Rarely in Broadway history have cynical theater critics flipped out quite so completely.
When Lerner and Loewe’s musical adaptation of George Bernard Shaw’s “Pygmalion” opened in 1956, the New York critics became positively … positive.
Just listen to what they said the next morning:
Walter Kerr, Herald Tribune: “Don’t bother to finish reading this review now. You’d better sit right down and send for those tickets.”
Robert Coleman, Daily Mirror: “In case you have the mistaken notion that brains and fun don’t mix, perish the thought. … A masterpiece of musical comedy legerdemain.”
Brooks Atkinson, New York Times: “To Shaw’s agile intelligence, it adds the warmth, loveliness and excitement of a memorable theater frolic.”
William Hawkins, World-Telegram and Sun: ” ‘My Fair Lady’ takes a grip on your heart, then makes you exult with laughter.

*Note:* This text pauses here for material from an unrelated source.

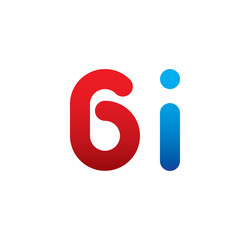 6i logo initial blue and red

It is a legendary evening.”
Hawkins added that the songs are “likely to be unforgettable,” and he was correct. Almost 50 years later, “The Rain in Spain,” “I Could Have Danced All Night” and many of its other tunes are instantly recognizable.

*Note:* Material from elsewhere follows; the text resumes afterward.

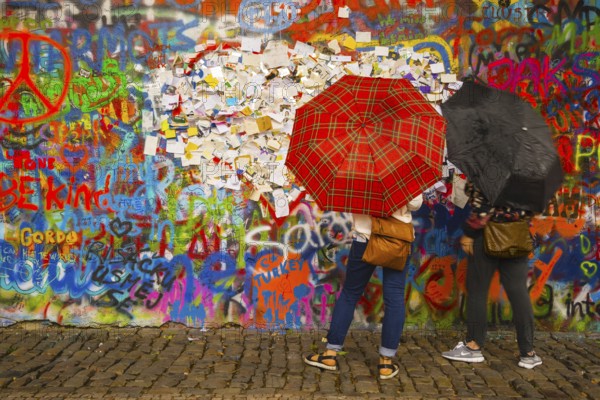 Graffiti, notes with wishes and requests, John Lennon Wall, Grossprior Square, Prague, Czech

The plot, too, remains well-known. Prof. Henry Higgins takes on a social-improvement project: He tries to convert the low-born Cockney flower girl Eliza Doolittle into a grand lady, minely (that is, mainly) by teaching her an upper-class accent.
If there was ever any doubt that this show would age well, that was put to rest in 1976 when it became a hit once again on Broadway. Kerr, still under its spell after 20 years, wrote: “No reason why ‘My Fair Lady’ shouldn’t be revived and revived as long as there’s justice, and a thirst for lilting bewitchment, in the world.”
To kick off its 59th season, the Spokane Civic Theatre revives it in a run which begins with a gala opener Friday and continues through Oct. 29.
Troy Nickerson directs this version, with musical direction by Carol Miyamoto and choreography by Nickerson and Ryan Callan.
One of the elements that led to “My Fair Lady’s” incredible initial success was the brilliant casting: Rex Harrison as Higgins, Julie Andrews as Eliza, Robert Coote as Col. Pickering and Stanley Holloway as Alfred P. Doolittle.
In this production, Nickerson has cast a number of Civic veterans. Thomas Heppler plays Higgins, Kendra Kimball plays Eliza, Wes Deitrick plays Col. Pickering and David Gigler plays Alfred Doolittle.
Other main roles are filled by Judi Pratt, Philip Atkins, Norilee Kimball and Evelyn Renshaw.
The Civic’s executive director, Yvonne A.K. Johnson, said that audiences can expect to see (as in last season’s “Hello, Dolly!”) plenty of lavish, turn-of-the-century costumes.